■ **Goal of the exercise**: Take the lines in the listing below from the line with "Royal Pearl White" up to and including the line with "walk in closet with wood-type flooring" and set them down exactly, skipping pictures and adding nothing.

■ **Exercise data**:
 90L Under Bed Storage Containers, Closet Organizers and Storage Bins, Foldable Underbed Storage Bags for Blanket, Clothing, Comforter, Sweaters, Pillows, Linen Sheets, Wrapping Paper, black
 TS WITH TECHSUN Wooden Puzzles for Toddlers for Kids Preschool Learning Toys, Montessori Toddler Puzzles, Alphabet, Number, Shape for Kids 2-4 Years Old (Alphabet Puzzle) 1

...

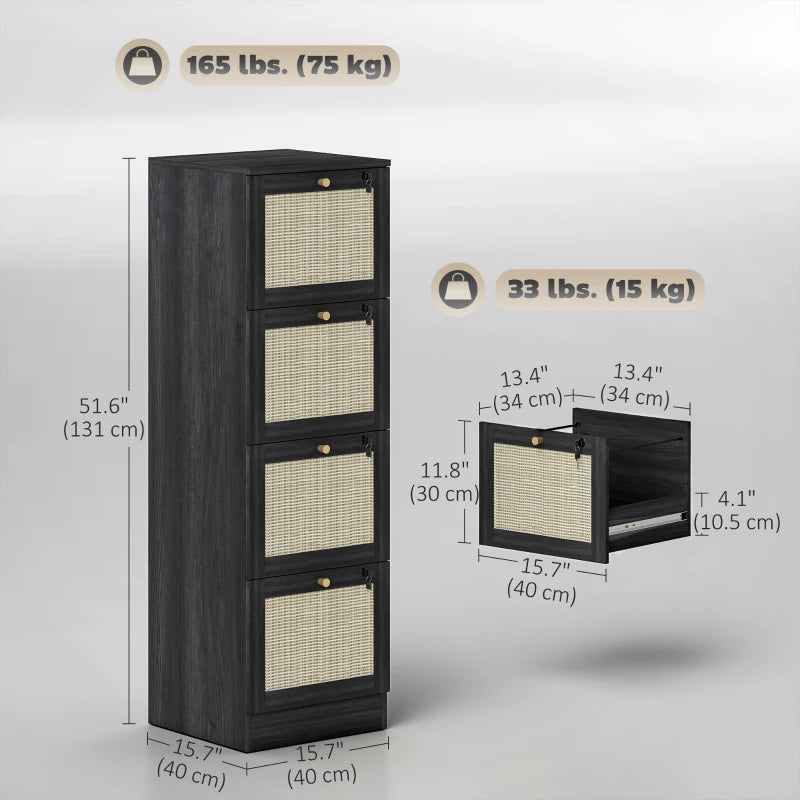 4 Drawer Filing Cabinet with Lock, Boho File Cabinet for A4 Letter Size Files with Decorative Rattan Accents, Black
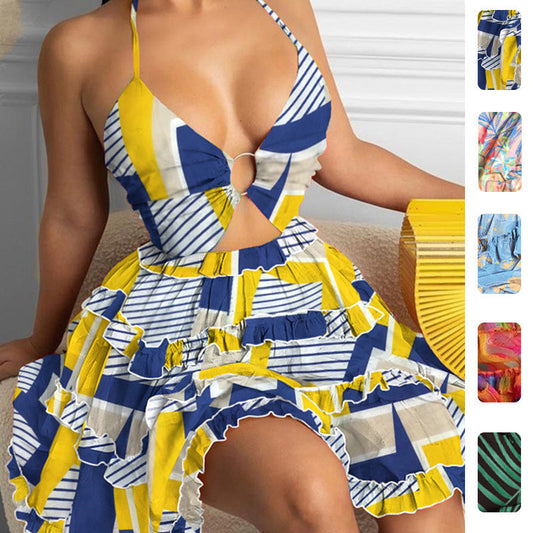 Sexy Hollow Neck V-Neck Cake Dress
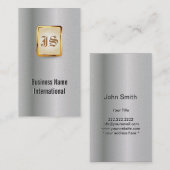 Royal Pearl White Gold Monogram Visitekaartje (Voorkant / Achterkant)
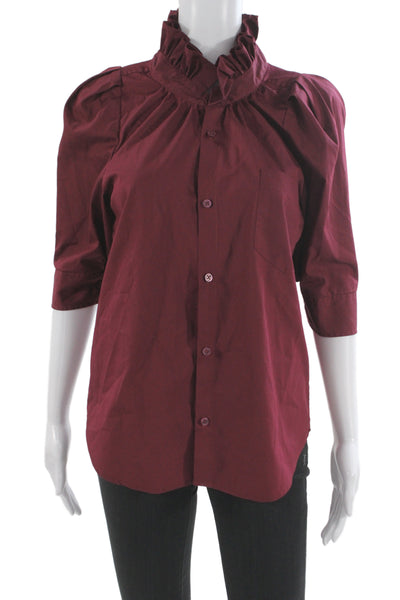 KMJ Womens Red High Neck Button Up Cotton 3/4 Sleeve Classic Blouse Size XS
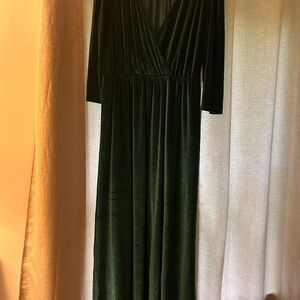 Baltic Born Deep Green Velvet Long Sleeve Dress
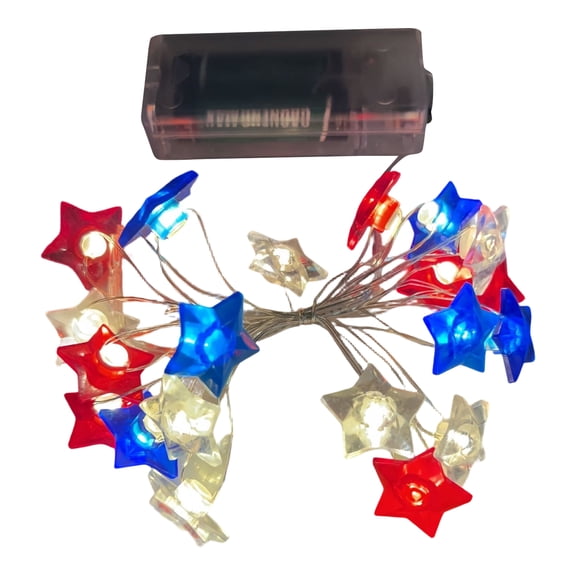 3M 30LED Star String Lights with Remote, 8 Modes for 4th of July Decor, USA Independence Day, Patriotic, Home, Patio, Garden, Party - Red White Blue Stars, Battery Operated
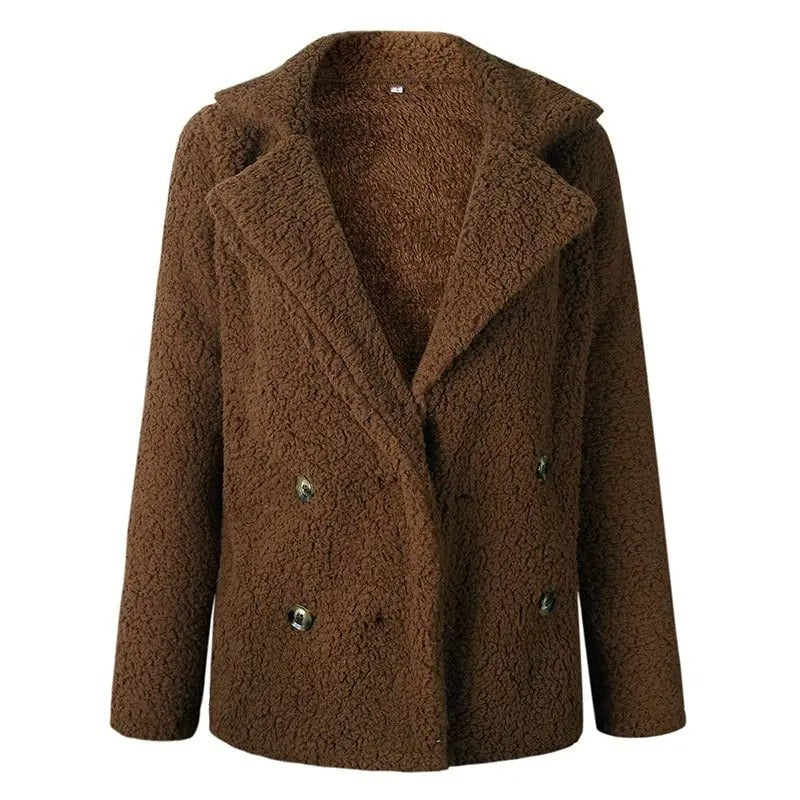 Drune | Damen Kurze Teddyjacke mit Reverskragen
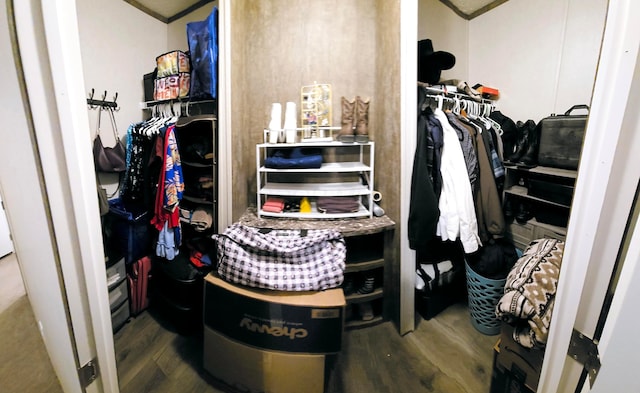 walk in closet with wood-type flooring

■ **Exercise result**:
 Royal Pearl White Gold Monogram Visitekaartje (Voorkant / Achterkant)
 KMJ Womens Red High Neck Button Up Cotton 3/4 Sleeve Classic Blouse Size XS
 Baltic Born Deep Green Velvet Long Sleeve Dress
 3M 30LED Star String Lights with Remote, 8 Modes for 4th of July Decor, USA Independence Day, Patriotic, Home, Patio, Garden, Party - Red White Blue Stars, Battery Operated
 Drune | Damen Kurze Teddyjacke mit Reverskragen
 walk in closet with wood-type flooring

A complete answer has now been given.